La falta de calidez del producto no impide constatar que el relato se despliega con un ritmo adecuado y que la complejidad y riqueza de personajes, relaciones y situaciones lo hacen avanzar de manera amena y agradable, sin hacernos recordar su larga duración (la película está dividida en dos partes, debido a la orden de la autoridades que limitaban a hora y media el tiempo máximo de las producciones, y supera las tres horas en total). Sin olvidar esas posibles referencias políticas mencionadas más arriba y haciendo hincapié en la profunda descripción de ambientes y situaciones expresada mediante la notable puesta en escena, es parada obligatoria aludir al cariz romántico, que no sentimental, del relato. En el centro del mismo se instala la cortesana Garance, flor misteriosa y libre y a su alrededor gravitan cuatro hombres que encarnan diferentes modos de amar, un criminal misántropo pero íntegro o consecuente consigo mismo, un sensible e idealista mimo, un narcisista y vividor actor y, por último, un violento y clasista aristócrata ejemplarizan la idealización de este sentimiento, muestran su vertiente posesiva y/o mercantilista o su consideración como juego. El amor que puede guardar varias formas como las de imposible o rechazado queda retratado y expuesto en  este drama humano disfrazado de gran producción "de estudio".

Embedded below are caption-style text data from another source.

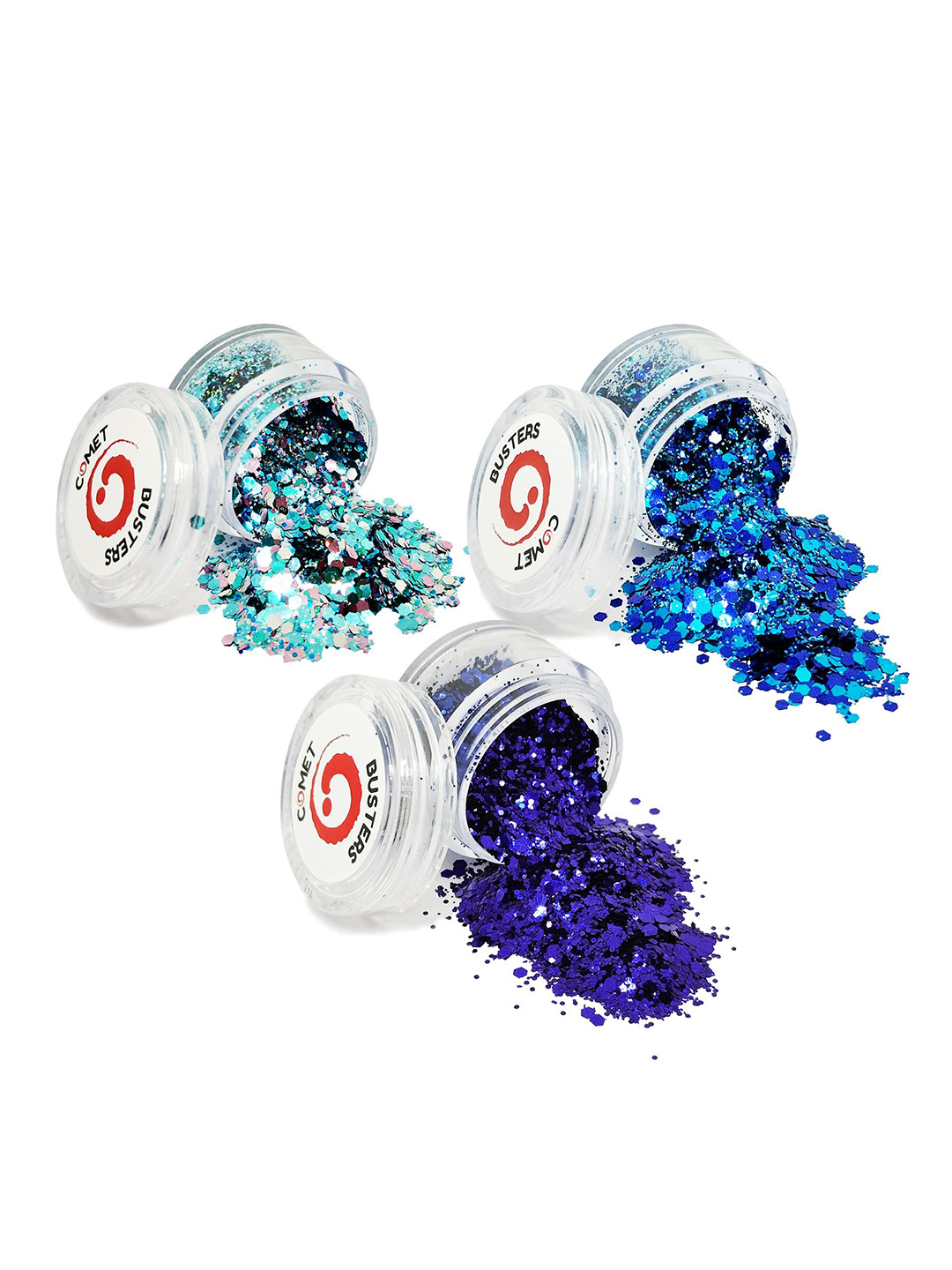 Comet Busters Set Of 3 Face Chunky Glitter Body Shimmer Eye Makeup- 5 g Each - Blue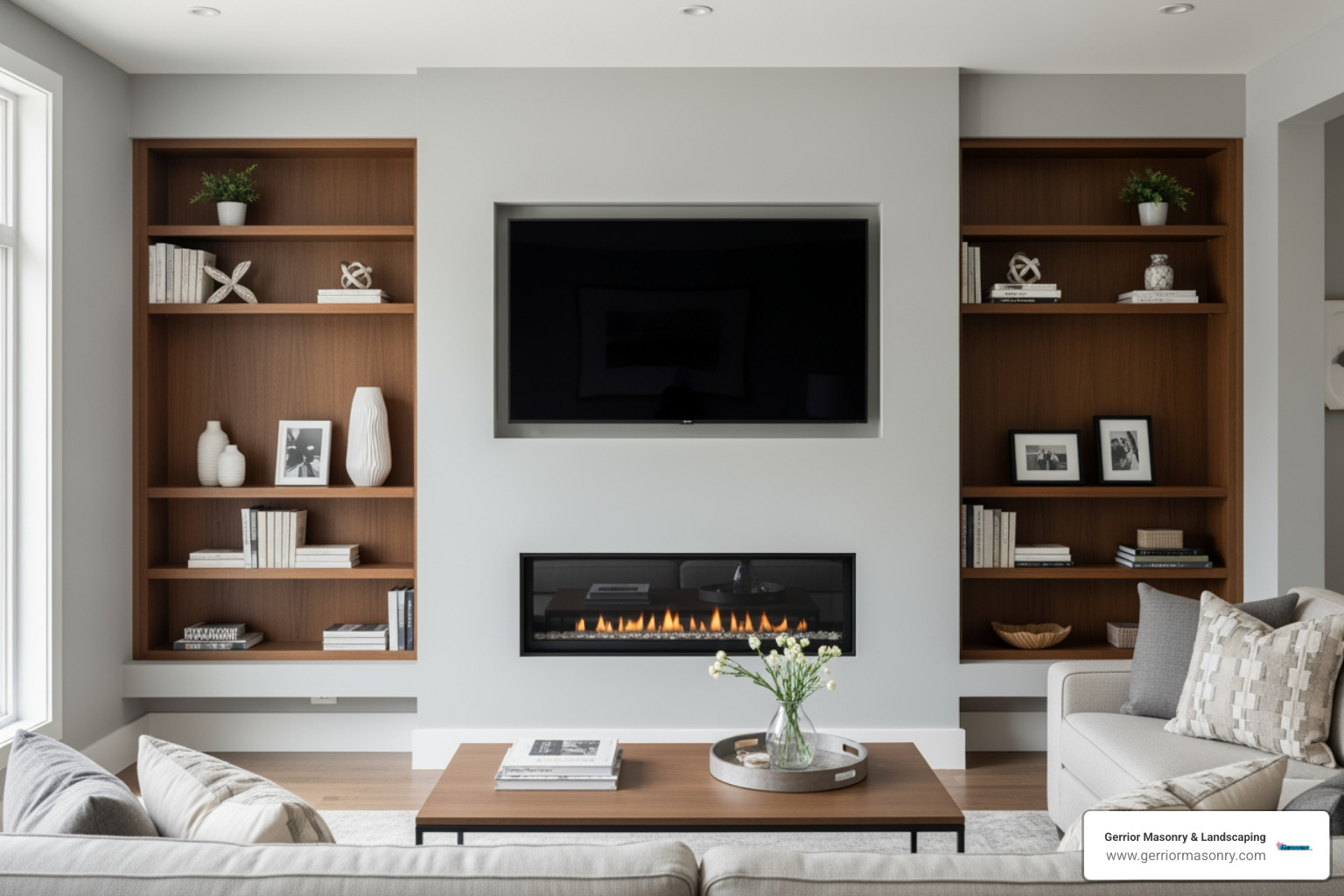 A modern fireplace with integrated built-in shelves and a mounted TV. - Fireplace remodeling ideas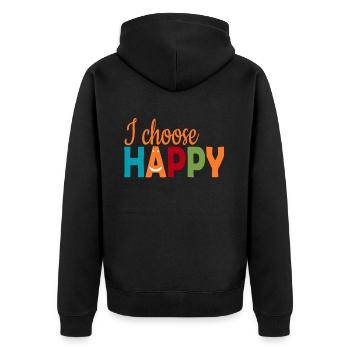 Je choisis Happy - Veste à capuche bio Premium Unisexe - noir - Dos - Nico (187cm)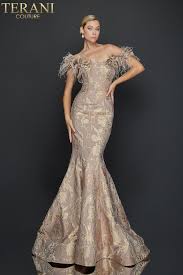Striking Flower And Feather Strapless Evening Gown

Un film mítico por su intrahistoria marcada por su elaboración bajo el Régimen de Vichy y por su calidad técnica cinematográfica pero que adolece de frialdad emocional y del que se puede disfrutar en una reciente restauración, adquirible vía Internet, no editada aún por estos lares. Una película que se basa en personajes reales de la primera mitad del siglo XIX (Jean-Gaspard Deburau fue un célebre mimo, Frédérick Lemaître cosechó gran éxito como actor de teatro y Pierre François Lacenaire cobró fama por la defensa que hizo de su carrera criminal y le sirve a Prévert de inspiración como el envenenador, pintor, dibujante y escritor Thomas Griffiths Wainewright les aprovechara a Dickens y a Wilde unos cuantos años antes) para desarrollar una profusa riqueza en sus caracteres y en sus emociones, en sus relaciones y comportamientos, elementos que dotan al filme de la compleja textura que atesora y que añadidos a su diseño de producción pueden explicar su tremendo éxito de público en el momento de su estreno en la Francia recién liberada. La lectura de sus posibles observaciones políticas queda en manos del espectador pero sin duda podría ser otro ingrediente más a tener en cuenta a la hora de degustar el filme y a unir a todos los méritos apuntados aquí y a otros como es la estupenda interpretación del elenco comandado por Arletty y Jean-Louis Barrault, quien, parece ser, tuvo algo que ver en la gestación del proyecto.